Inps: vive a Milano la metà dei Paperoni italiani

Inps: vive a Milano la metà dei Paperoni italiani
La metà dei Paperoni italiani vive in un’unica città: Milano. Il dato arriva dall’Inps, non solo sinonimo di pensioni, ma sempre più protagonista di tutto ciò che tocca il mercato del lavoro. La sua banca dati è imprescindibile e da qui parte anche l’analisi che ha caratterizzato il Rapporto annuale di quest’anno. L’Istituto guidato da Pasquale Tridico, il "padre" del Reddito di cittadinanza, se da una parte nota una riduzione della precarizzazione dall’altra osserva come restino sul tappeto «problemi quali il part time involontario» e «la sempre più elevata polarizzazione della distribuzione dei redditi da lavoro ai suoi estremi rappresentati dai percettori di bassi salari e dai top earners».

Disuguaglianze ancora più forti se si guarda alla differenze territoriali. Basti pensare che un super-ricco su due è appunto milanese. La Capitale segue a grande distanza. I dati dell’archivio dell’ Inps sul lavoro privato parlano chiaro: il 54% di coloro che guadagnano più di 533 mila euro e il 42% di chi prende oltre i 217 mila euro annui risiede nella provincia del capoluogo lombardo. Roma mostra percentuali che non raggiungono il terzo di quelle milanesi. Pesanti anche i divari di genere, nello 0,01% dei più ricchi solo il 7,5% è donna.

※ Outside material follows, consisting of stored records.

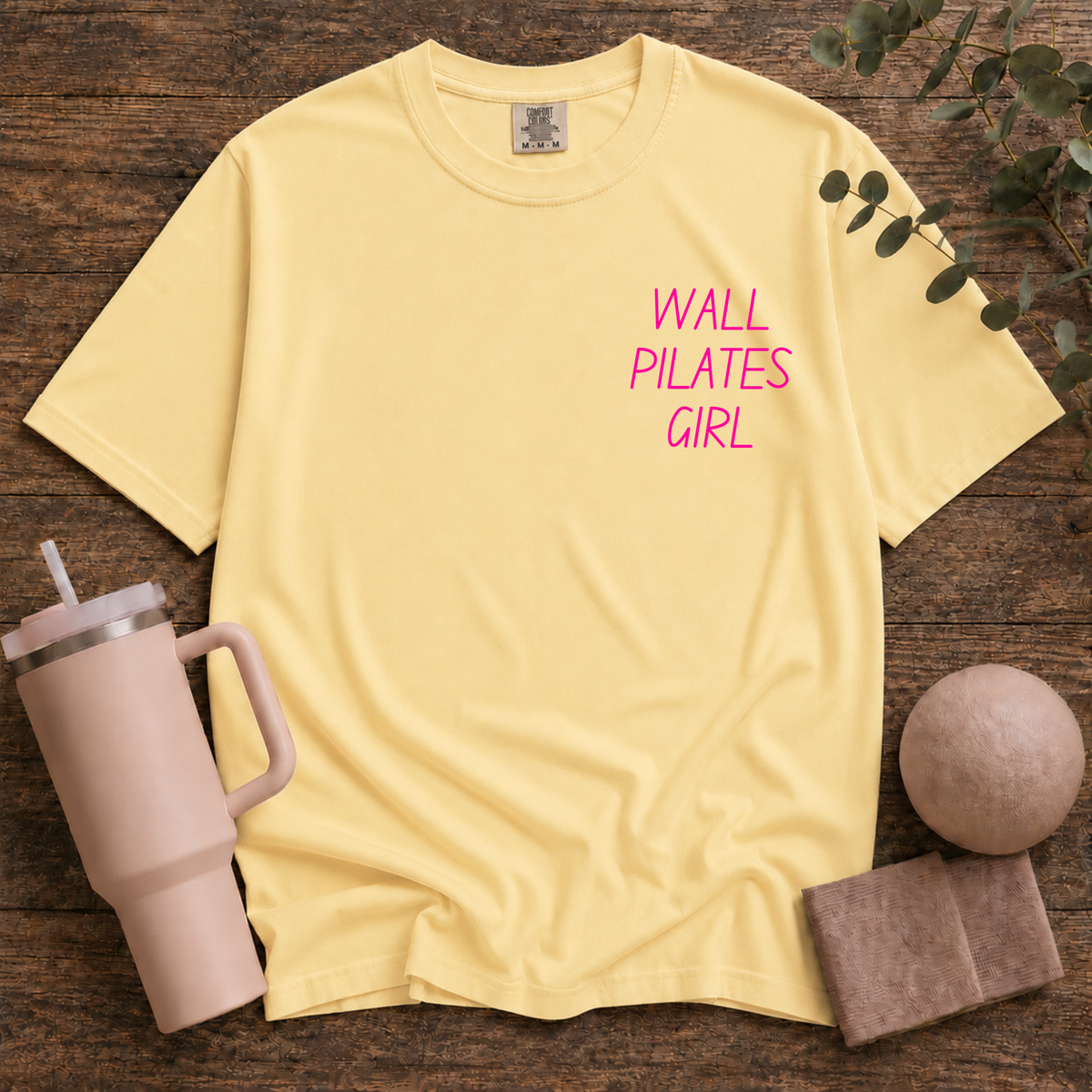 Wall Pilates Girl
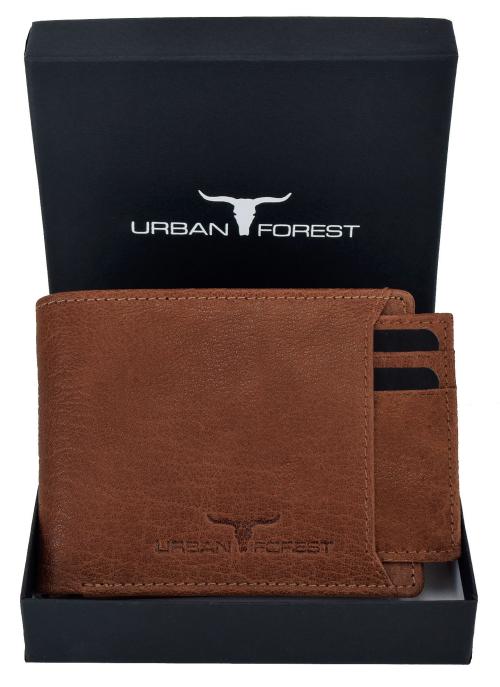 Urban Forest Sam Redwood Leather Men's Wallet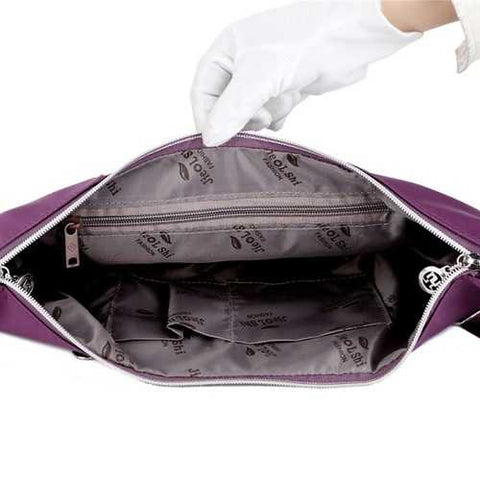 Women Nylon Light Weight Waterproof Casual Large Capacity Shoulder Bag Crossboby Bag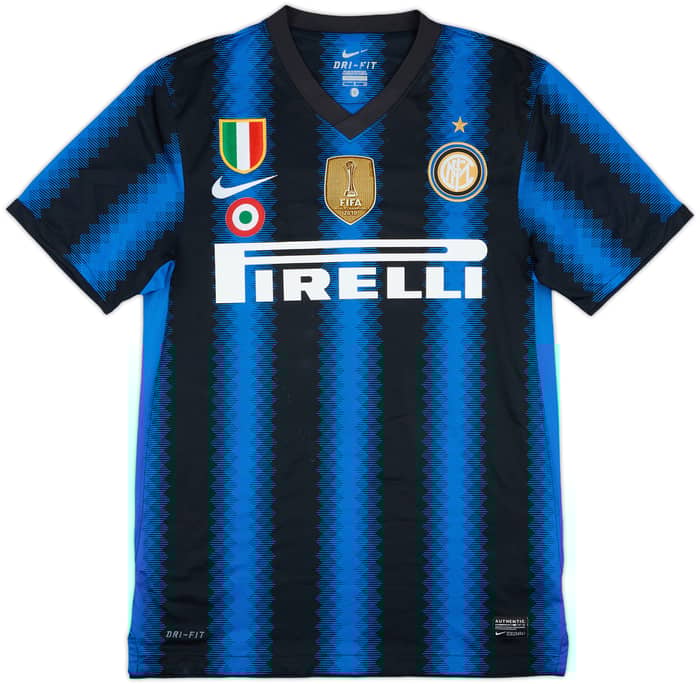 2010-11 Inter Milan Home Shirt #4 - 6/10 - (S)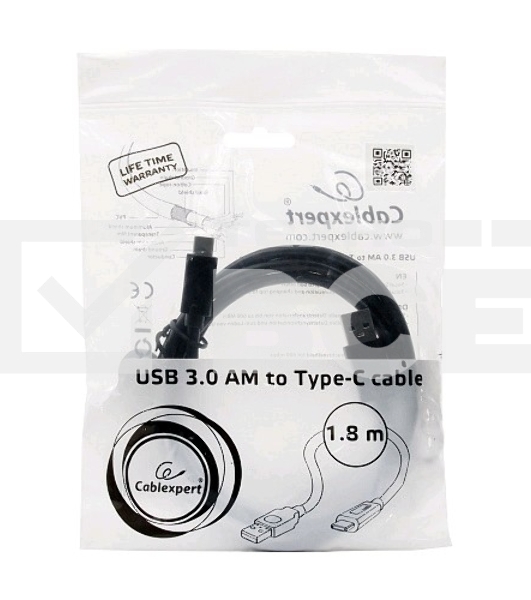 Кабель Cablexpert CCP-USB3-AMCM-6 Кабель USB3.0 AM/USB3.1TypeC, 1.8м, 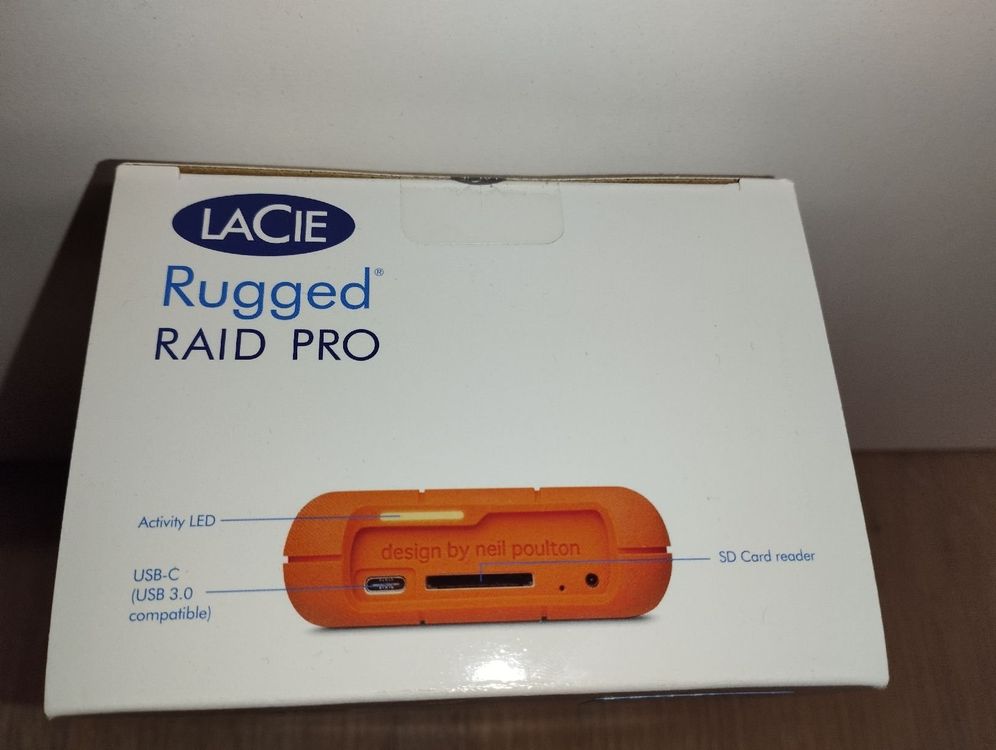 Lacie Dischi rigidi: LaCie Rugged RAID Pro 4TB, USB-C 3.1 – Nuovo e nell'imballaggio originale da Agno venduto da luk_mfk6 1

Raggiungere i livelli top è poi diventato sempre più difficile. Per Tridico «ciò suggerisce come negli ultimi decenni la concentrazione degli alti redditi abbia caratterizzato in modo rilevante anche il nostro Paese». In generale, guardando al periodo che va dal 1974 e il 2017 si evidenzia come alla «forte diminuzione delle disuguaglianze negli anni Settanta» abbia fatto seguito «un rilevante aumento fino a inizio anni Novanta», con una «sostanziale stabilità negli ultimi due decenni». Da allora si assiste a una «stagnazione» dei salari.

E di certo il part time, soprattutto se forzato, non aiuta. Il Rapporto mette in evidenza come attualmente questa tipologia di orario coinvolge circa il 20% degli occupati contro il 15% del 2008. Una «crescita consistente», che manifesta una «tendenza di grande rilievo» alla base del ‘gap’ tra un’occupazione che ha recuperato il terreno perso con la crisi e un Pil che resta ancora indietro. Quindi se il numero delle persone che hanno un posto ha riagganciato i livelli raggiunti prima che si innescassero le varie recessioni, l’intensità del lavoro, misurata dal numero di ore passate in fabbrica, nei cantieri o in ufficio, resta del 4,3% inferiore. Insomma, se il lavoro non recupera su tutti i fronti le disuguaglianze avanzano.